Le Pentagone et les chefs de la CIA pensent que la Russie ne respectera pas le cessez-le-feu en Syrie

L’alliance émergente de faucons dans le cabinet ministériel à propos de la Russie révèle un désaccord dans l’administration

Le 23 février 2016

Les hauts responsables pour l’armée et le renseignement du président Barack Obama, convaincus que la Russie ne respectera pas le cessez-le-feu en Syrie, poussent à des moyens pour augmenter la pression sur Moscou, y compris étendre l’aide militaire secrète à certains rebelles qui subissent maintenant le pilonnage des frappes aériennes russes.

Le secrétaire à la Défense Ash Carter, le général de marine Joseph Dunford, le chef d’état-major des armées, et le directeur de la CIA John Brennan ont exprimé des points de vue de plus en plus durs lors de réunions à la Maison Blanche, appelant à de nouvelles mesures pour «infliger une douleur réelle aux Russes», a dit un haut responsable de l’administration.

L’alliance naissante de faucons russophobes révèle le désaccord entre la Défense et les responsables diplomatiques et pourrait faire pression sur M. Obama pour qu’il commence à agir plus énergiquement contre Moscou. Mais procéder de cette manière risque d’entraîner les États-Unis plus profondément dans une lutte par procuration en Syrie, avec Moscou montrant peu de signes de diminution de son soutien au président Bachar al-Assad.

Le gouvernement syrien a dit mardi qu’il acceptait le cessez-le-feu annoncé la veille par les États-Unis et la Russie. Mais il a dit que des opérations militaires se poursuivraient non seulement contre État islamique et le Front al-Nusra lié à al-Qaïda – tous les deux qualifiés par les Nations Unies d’organisations terroristes – mais aussi contre «d’autres groupes terroristes liés à ceux-ci».

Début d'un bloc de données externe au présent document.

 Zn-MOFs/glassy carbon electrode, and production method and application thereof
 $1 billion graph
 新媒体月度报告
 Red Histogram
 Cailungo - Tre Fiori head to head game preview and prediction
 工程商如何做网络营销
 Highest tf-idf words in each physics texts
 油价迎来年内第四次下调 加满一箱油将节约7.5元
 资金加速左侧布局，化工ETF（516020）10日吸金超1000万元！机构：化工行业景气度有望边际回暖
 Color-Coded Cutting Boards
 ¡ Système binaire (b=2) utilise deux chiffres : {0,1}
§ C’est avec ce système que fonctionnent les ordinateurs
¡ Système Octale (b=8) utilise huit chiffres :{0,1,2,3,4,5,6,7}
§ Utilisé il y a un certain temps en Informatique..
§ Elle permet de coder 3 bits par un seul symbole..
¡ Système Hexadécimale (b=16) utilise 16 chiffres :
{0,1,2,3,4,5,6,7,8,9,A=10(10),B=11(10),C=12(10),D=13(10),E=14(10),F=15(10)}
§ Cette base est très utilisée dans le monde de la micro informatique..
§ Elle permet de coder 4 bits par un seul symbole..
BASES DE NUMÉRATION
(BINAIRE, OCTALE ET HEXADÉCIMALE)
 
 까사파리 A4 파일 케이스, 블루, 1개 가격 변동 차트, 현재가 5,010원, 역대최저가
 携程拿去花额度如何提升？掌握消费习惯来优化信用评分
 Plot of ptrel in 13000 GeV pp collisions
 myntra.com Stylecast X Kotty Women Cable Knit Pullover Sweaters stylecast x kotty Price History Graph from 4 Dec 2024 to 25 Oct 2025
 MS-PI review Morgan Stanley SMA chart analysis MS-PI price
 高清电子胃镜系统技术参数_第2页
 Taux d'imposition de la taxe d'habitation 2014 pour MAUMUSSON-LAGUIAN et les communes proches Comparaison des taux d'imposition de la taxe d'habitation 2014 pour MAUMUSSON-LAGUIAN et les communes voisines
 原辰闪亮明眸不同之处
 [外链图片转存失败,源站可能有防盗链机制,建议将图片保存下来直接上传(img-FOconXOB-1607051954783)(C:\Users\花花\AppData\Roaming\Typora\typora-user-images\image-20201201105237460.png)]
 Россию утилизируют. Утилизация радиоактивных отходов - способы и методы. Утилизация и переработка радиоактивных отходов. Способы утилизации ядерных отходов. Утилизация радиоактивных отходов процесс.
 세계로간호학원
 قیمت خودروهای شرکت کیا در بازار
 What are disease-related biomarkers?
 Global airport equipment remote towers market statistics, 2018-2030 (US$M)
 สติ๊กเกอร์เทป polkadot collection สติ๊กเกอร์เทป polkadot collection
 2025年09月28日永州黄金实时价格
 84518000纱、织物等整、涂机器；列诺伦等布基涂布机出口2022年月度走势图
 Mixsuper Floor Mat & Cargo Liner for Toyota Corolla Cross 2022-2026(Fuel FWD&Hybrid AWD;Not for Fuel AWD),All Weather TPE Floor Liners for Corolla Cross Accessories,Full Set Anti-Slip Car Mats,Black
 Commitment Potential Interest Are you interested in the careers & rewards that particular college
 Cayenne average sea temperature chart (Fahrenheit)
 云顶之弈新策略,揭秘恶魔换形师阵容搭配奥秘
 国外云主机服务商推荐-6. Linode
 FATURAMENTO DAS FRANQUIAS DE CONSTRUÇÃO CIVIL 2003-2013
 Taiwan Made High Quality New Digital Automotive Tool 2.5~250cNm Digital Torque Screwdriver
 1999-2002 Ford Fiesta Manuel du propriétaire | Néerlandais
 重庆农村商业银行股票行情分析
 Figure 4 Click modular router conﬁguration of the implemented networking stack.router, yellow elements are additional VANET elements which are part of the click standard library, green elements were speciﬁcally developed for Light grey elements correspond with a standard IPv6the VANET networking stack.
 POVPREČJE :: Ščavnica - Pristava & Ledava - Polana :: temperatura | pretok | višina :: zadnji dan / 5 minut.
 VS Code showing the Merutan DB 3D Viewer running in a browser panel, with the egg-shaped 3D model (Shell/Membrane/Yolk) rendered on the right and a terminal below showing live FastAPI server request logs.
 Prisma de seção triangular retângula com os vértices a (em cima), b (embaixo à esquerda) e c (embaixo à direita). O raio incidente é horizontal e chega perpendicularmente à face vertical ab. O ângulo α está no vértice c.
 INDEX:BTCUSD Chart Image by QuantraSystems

La Russie et le régime Assad ont étiqueté tous les groupes rebelles comme terroristes – ce qui brouille les perspectives pour toute trêve.

La délégation de l’opposition aux pourparlers de paix sous l’égide de l’ONU à Genève a dit lundi qu’elle soutenait l’accord russo-américain, à plusieurs conditions liées aux questions humanitaires.

La campagne de bombardements en Syrie lancée l’automne dernier a rendu furieuse la CIA, en particulier parce que les frappes ont visé de manière agressive des rebelles relativement modérés qu’elle a soutenus avec des fournitures militaires, y compris des missiles anti-blindés, expliquent des responsables étasuniens.

Le gouvernement syrien du président Bachar al-Assad a donné mardi son soutien conditionnel à une proposition de cessez-le-feu, dont la communauté internationale espère qu’il relancera les négociations de paix dans le pays déchiré par la guerre. Cette annonce arrive moins d’un jour après que les États-Unis et la Russie ont convenu d’appliquer le cessez-le-feu samedi.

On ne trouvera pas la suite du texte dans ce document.